Luo Yonghao (Chinese: 罗永浩, b. 9 July 1972) is a Chinese entrepreneur and internet celebrity. He  is the chief executive officer and founder of Chinese technology company Smartisan and founder of now defunct blogging website Bullog.cn.

On August 20, 2018, Luo's company Smartisan launched the messaging service Bullet Message, which gained 7 million users in its first three weeks.

Early life 
Luo was born to a Korean Chinese family in Helong, Jilin, China. His father is the party secretary of Helong county Luo Changzhen (Chinese: 罗昌珍). At age 12, his family moved to Yanji and he transferred to Beishan Primary School. In his second year of high school, Luo dropped out. Luo pursued various business endeavors, including selling second-hand books and reselling smuggled cars.
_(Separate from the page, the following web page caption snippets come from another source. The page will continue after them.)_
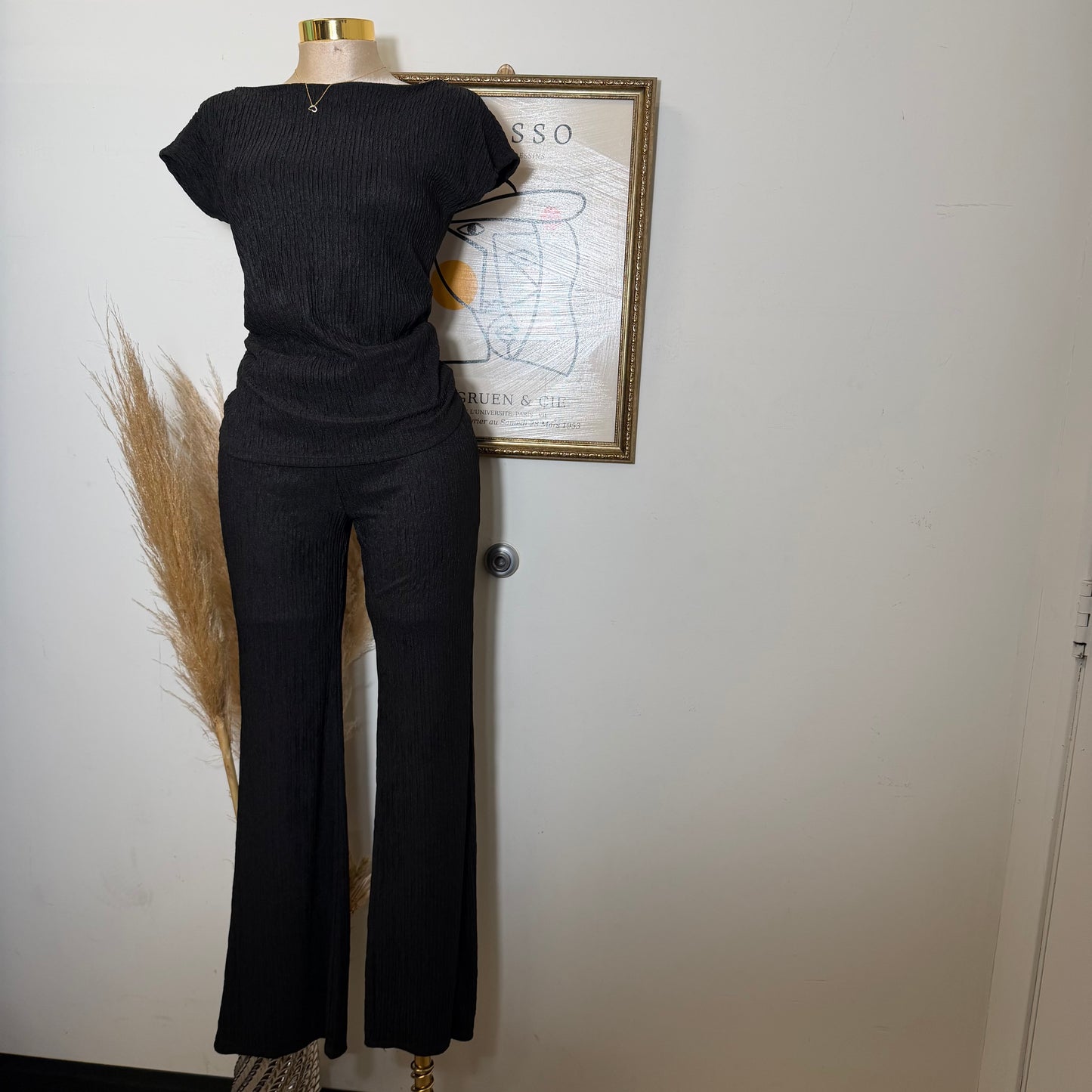Timira Short Sleeve Pant set -Black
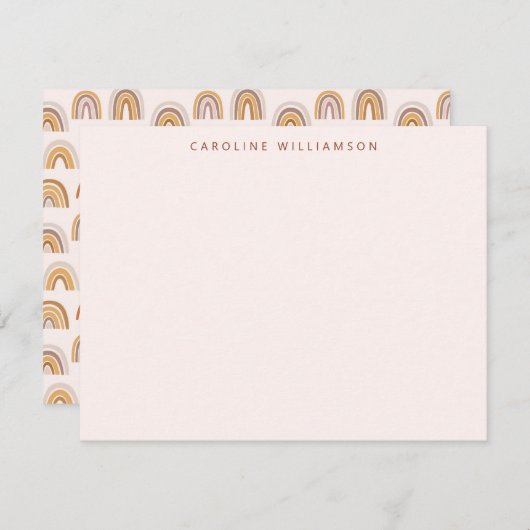 Boho Desert Rainbow Blush Personalized Stationery Notitiekaartje (Voorkant / Achterkant)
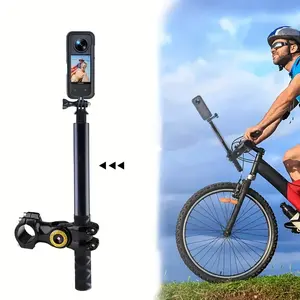 Motorcycle Bicycle Handlebar Camera Selfie Stick Bracket Adapter Compatible GoPro Insta360 Panoramic Live Shooting Mount Ideal Gift for Sports Enthusiasts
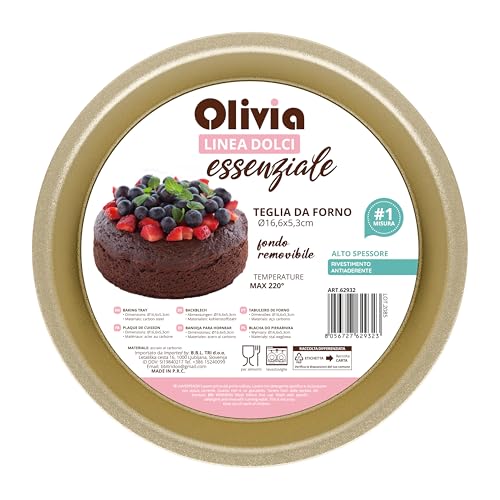 Olivia Teglia da Forno Tonda Ø16,6 cm x H 5,3 cm con Fondo Removibile – Acciaio al Carbonio, Rivestimento Antiaderente, Linea Dolci Essenziale, fino a 220°C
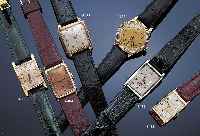 LE COULTRE HERRENARMBANDUHR, REF.-NR. 4865, SCHWEIZ/USA UM 1940, GG 585/000, RECT.-FORM, MINERAL-KONKAVGL. M. NUTZSP., NOCH DICHT, BODEN GEDR., ...
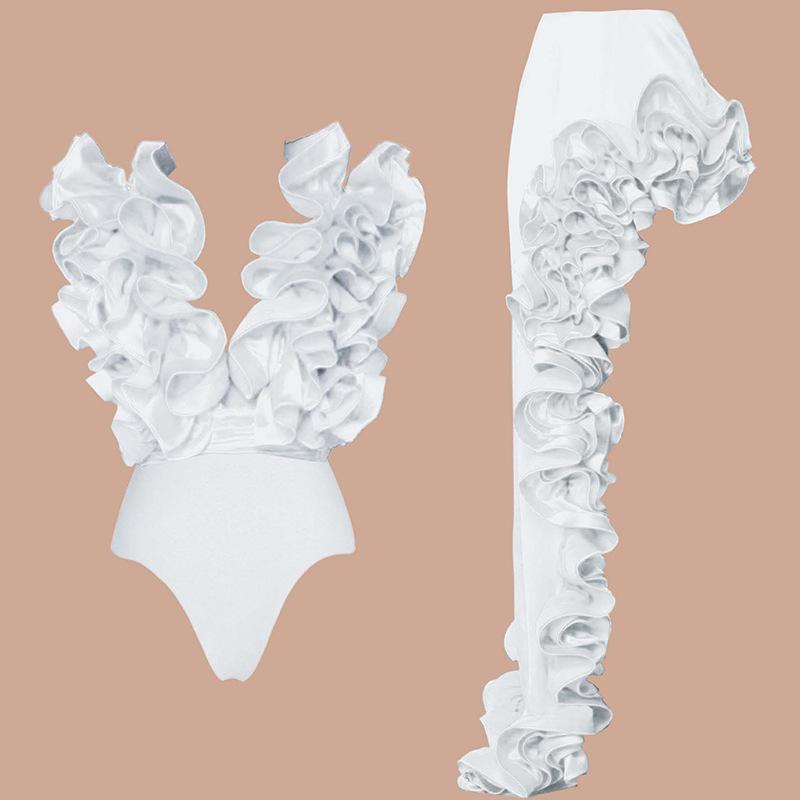 

2024 Европейский и американский черно-белый купальник с глубоким V-образным вырезом и кружевом для похудения Extra Large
However, after economic pressure he decided to study English and pursue a career teaching English.

Career 
In 2001, Luo became a teacher at New Oriental in Beijing. From 2001 to 2006, Yonghao prepared students for the GRE test. Because of his humorous teaching style and often off-topic tangents, a few of his students filmed him and uploaded some of his lectures online. The videos, titled "Lao Luo Quotations", became popular with young people. Luo, nicknamed Lao Luo by his students, became an internet phenomenon and was featured in Baidu's annual top-searches between 2005 and 2006. In June 2006, Luo Yonghao resigned from New Oriental.

Bullog.cn 
On July 31, 2006, Luo launched Bullog.cn, citing dissatisfaction with the censorship of the major blog portals such as sina.com and sohu.com. The site was considered to be one of the most liberal blog portals in Chinese cyberspace.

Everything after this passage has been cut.